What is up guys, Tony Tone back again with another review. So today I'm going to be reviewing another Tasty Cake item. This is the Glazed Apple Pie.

· · · ·

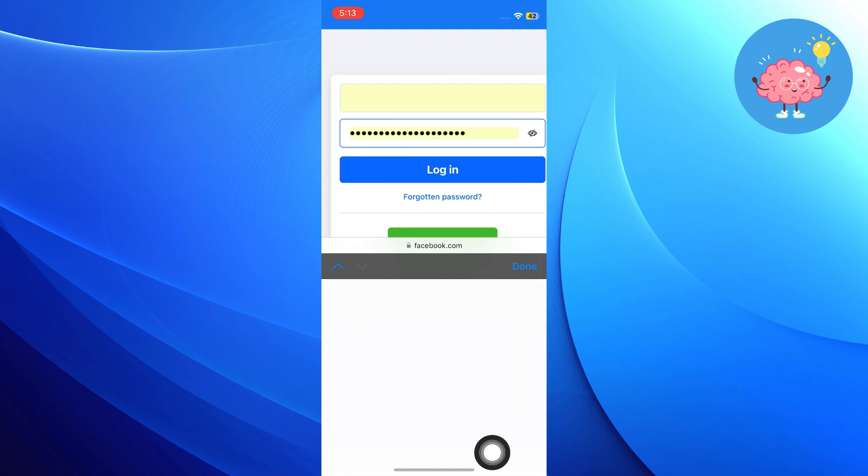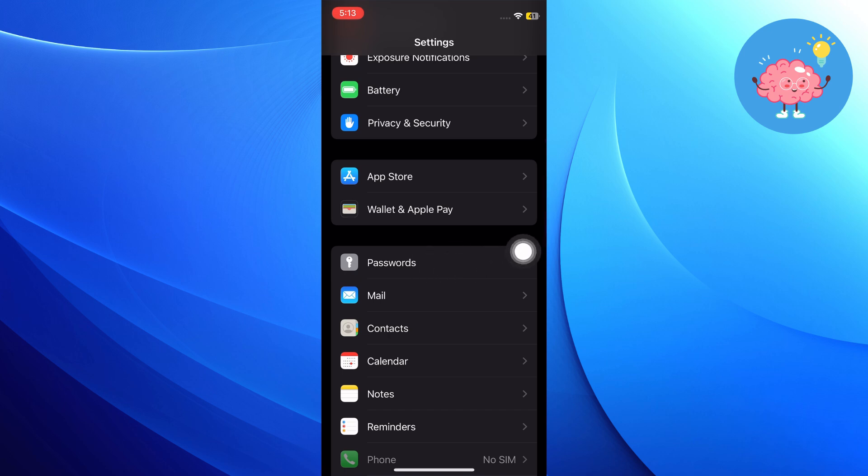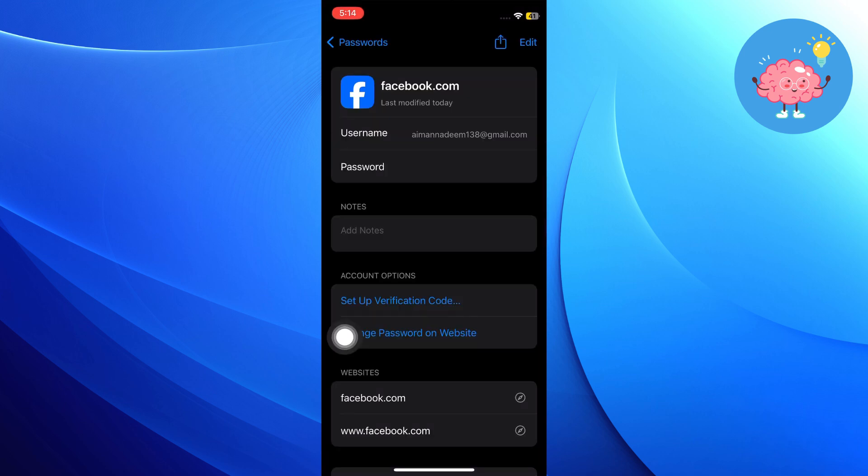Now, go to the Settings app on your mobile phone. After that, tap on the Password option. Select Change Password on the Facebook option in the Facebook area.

· · · ·

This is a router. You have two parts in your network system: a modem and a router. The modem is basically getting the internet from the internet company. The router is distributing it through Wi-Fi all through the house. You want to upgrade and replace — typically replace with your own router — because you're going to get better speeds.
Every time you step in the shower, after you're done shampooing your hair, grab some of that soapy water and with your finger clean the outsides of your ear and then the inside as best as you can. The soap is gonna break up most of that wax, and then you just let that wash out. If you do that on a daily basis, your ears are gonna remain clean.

· · · ·

YOUR INSTRUCTIONS:
Going through the entries above, show each line that contains "This".

EXERCISE SOLUTION:
What is up guys, Tony Tone back again with another review. So today I'm going to be reviewing another Tasty Cake item. This is the Glazed Apple Pie.
This is a router. You have two parts in your network system: a modem and a router. The modem is basically getting the internet from the internet company. The router is distributing it through Wi-Fi all through the house. You want to upgrade and replace — typically replace with your own router — because you're going to get better speeds.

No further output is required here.